> `hover` supports bulk-labeling images through their URLs.
>
> :bulb: Let's do a quickstart for images and note what's different from texts.

-   <details open><summary>This page assumes that you have know the basics</summary>
    i.e. simple usage of `dataset` and `annotator`. Please visit the [quickstart tutorial](/hover/pages/tutorial/t0-quickstart) if you haven't done so.

</details>

## **Dataset for Images**

`hover` handles images through their URL addresses. URLs are strings which can be easily stored, hashed, and looked up against.
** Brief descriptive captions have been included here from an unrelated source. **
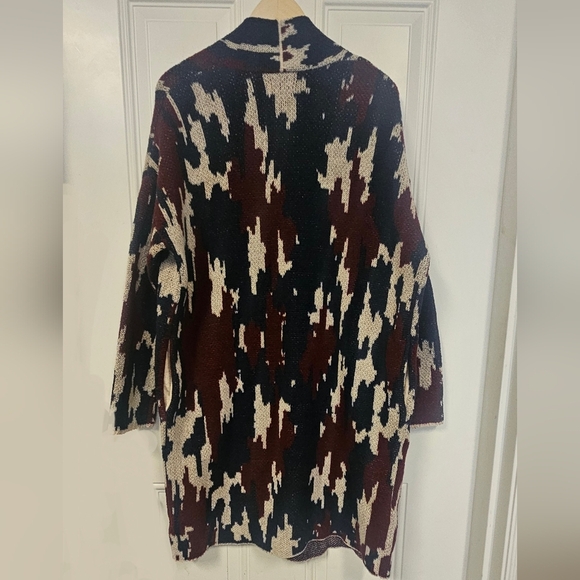 Women's Knox Rose Open Front Duster Cardigan Sweater Camo Navy & Red Size M - Picture 5 of 11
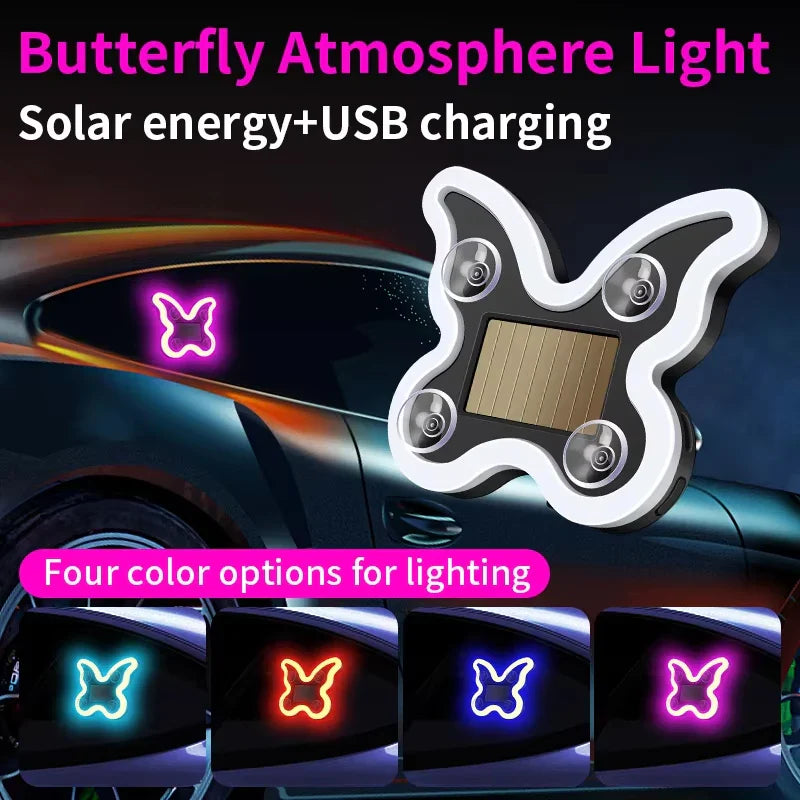 Solar Power Car Window Neon Light | USB Rechargeable Ambient Atmosphere Lamp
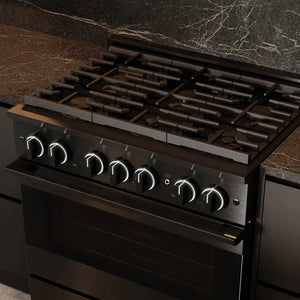 ZLINE 36 in. 5.2 cu. ft. Marino Gas Range with 6 Burner Cooktop and Convection Gas Oven in Black Stainless Steel (MGRB-36) top-down, in a modern dark kitchen with a dark marble countertop and backsplash.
They are also convenient for rendering tooltips in the annotation interface.

Similarly to `SupervisableTextDataset`, we can build one for images:

In [1]:
from hover.core.dataset import SupervisableImageDataset
import pandas as pd

# this is a 1000-image-url set of ImageNet data
# with custom labels: animal, object, food
example_csv_path = "https://raw.githubusercontent.com/phurwicz/hover-gallery/main/0.7.0/imagenet_custom.csv"
df = pd.read_csv(example_csv_path).sample(frac=1).reset_index(drop=True)
df["SUBSET"] = "raw"
df.loc[500:800, 'SUBSET'] = 'train'
df.loc[800:900, 'SUBSET'] = 'dev'
df.loc[900:, 'SUBSET'] = 'test'

dataset = SupervisableImageDataset.from_pandas(df, feature_key="image", label_key="label")

# each subset can be accessed as its own DataFrame
dataset.dfs["raw"].head(5)

Unnamed: 0,image,label,SUBSET
0,https://raw.githubusercontent.com/phurwicz/ima...,ABSTAIN,raw
1,https://raw.githubusercontent.com/phurwicz/ima...,ABSTAIN,raw
2,https://raw.githubusercontent.com/phurwicz/ima...,ABSTAIN,raw
3,https://raw.githubusercontent.com/phurwicz/ima...,ABSTAIN,raw
4,https://raw.githubusercontent.com/phurwicz/ima...,ABSTAIN,raw


## **Vectorizer for Images**

We can follow a `URL -> content -> image object -> vector` path.

In [2]:
import requests
from functools import lru_cache

@lru_cache(maxsize=10000)
def url_to_content(url):
    """
    Turn a URL to response content.
    """
    response = requests.get(url)
    return response.content

In [3]:
from PIL import Image
from io import BytesIO

@lru_cache(maxsize=10000)
def url_to_image(url):
    """
    Turn a URL to a PIL Image.
    """
    img = Image.open(BytesIO(url_to_content(url))).convert("RGB")
    return img

-   <details open><summary>Caching and reading from disk</summary>
    This guide uses [`@wrappy.memoize`](https://erniethornhill.github.io/wrappy/) in place of `@functools.lru_cache` for caching.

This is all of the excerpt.